The chant went up from the Menomonee Falls student section at the Al McGuire Center Thursday night with just seconds remaining in the Indians 57-49 WIAA sectional semifinal victory over Waukesha North.
"We want Germantown. We want Germantown," roared the Indian faithful.
And the Indians will get the Warhawks on the ultimate stage, Saturday, March 14 at 1 p.m. back at the Al, as the pair of local rivals will get to settle a grudge and see who will gain a coveted WIAA State Tournament berth.
"This is great," Indian coach Ben Siebert said. "We're not worried about who were playing now. We're just happy that we're still playing."
The Indians (15-8) will be vying for their first ever state berth while Germantown (20-2) will be looking for its second consecutive slot. The Warhawks advanced with a 61-46 victory over Hartford earlier in the evening at the Al.
"We'll be ready, we'll be ready," said Warhawks coach Steve Showalter quietly as he watched the finish of the North-Falls game.
The Indians are playing in their first sectional final since 2002. They have not lost to a sub-.500 team this season and in the case of seven of their eight losses, the teams were still competing on the sectional level.
That includes Germantown, which edged Falls in a two-point thriller back in the Warhawks gym on a snowy December night. Now it promises to be a relatively balmy (high 40s and sunny forecast) day on Saturday, as the Indians seek to gain some highly-coveted respect.
Senior guard Connor Beaudoin reminded the Indians of that before the game, noting that an on-line survey on a statewide basketball website gave Falls only a 16 percent chance of winning against North.
"We need to shut the critics down, we need everybody to contribute," he shouted to his enthusiastic teammates outside the locker just before the game.
And that they did, even responding to adversity when starting forward Jonathan Phillips had to leave the game just three minutes in, when he aggravated a shoulder injury he suffered in practice earlier this week.
But that did not slow down the Indians. After a see-saw first few minutes with the Northstars (15-8), Falls gained a 17-13 first quarter advantage.
A 6-0 run by the Northstars early in the second period gave them a 21-19 lead but Falls closed out the half with an 11-3 run to take the lead for good at 30-24. Freshman J.P. Tokoto had five of his first-half 14 points in the burst.
North kept it close in the first half by virtue of a huge advantage on the foul line (nine of 14 as compared to just one of one for Falls), but in the second half, that would change.
In that session, the Indians adapted the Northstars slower tactics and used them to their advantage, gaining a substantial edge on the foul line.

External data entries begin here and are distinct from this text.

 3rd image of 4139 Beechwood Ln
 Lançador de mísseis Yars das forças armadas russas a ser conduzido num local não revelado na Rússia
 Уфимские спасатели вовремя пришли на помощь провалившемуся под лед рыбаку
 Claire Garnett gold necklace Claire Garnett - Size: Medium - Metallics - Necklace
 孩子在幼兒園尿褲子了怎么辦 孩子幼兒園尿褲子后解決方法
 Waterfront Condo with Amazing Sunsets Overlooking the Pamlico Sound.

They would hit 18 of 23 free throws in the half as compared to just eight of 14 for North.
"It has not been a strength of ours all season," Siebert said. '"Only mid-to-upper 60s (percent), but we knocked them down when we needed to."
Indeed they did, as after a 3-pointer by Matt Becker of North cut the advantage to 49-45 (the closest it would be all half) with just 50 seconds to go, the Indians would knock down eight straight charity tosses. Beaudoin, John Cording, Tokoto and Adam Rubatt all swished a brace of throws.
Lee Becker, who fouled out late, led Falls with 17 while Tokoto had 16, Rubatt nine and Cording eight.
Beaudoin, who struggled mightily from the field (zero for eight) but who also had two steals and two assists, thinks the Indians found the respect they deserve.
"Make us the underdog everytime," he said. "We'll take it. Let everyone think that. ..We knew we had the ability to put things together. We knew we had the talent. We just had to put all our adversity behind us and go to practice everyday."
Siebert could not be any prouder.
"All these kids have grown so much since our 1-5 start," he said. "They've gotten more confident. You can see it on the floor."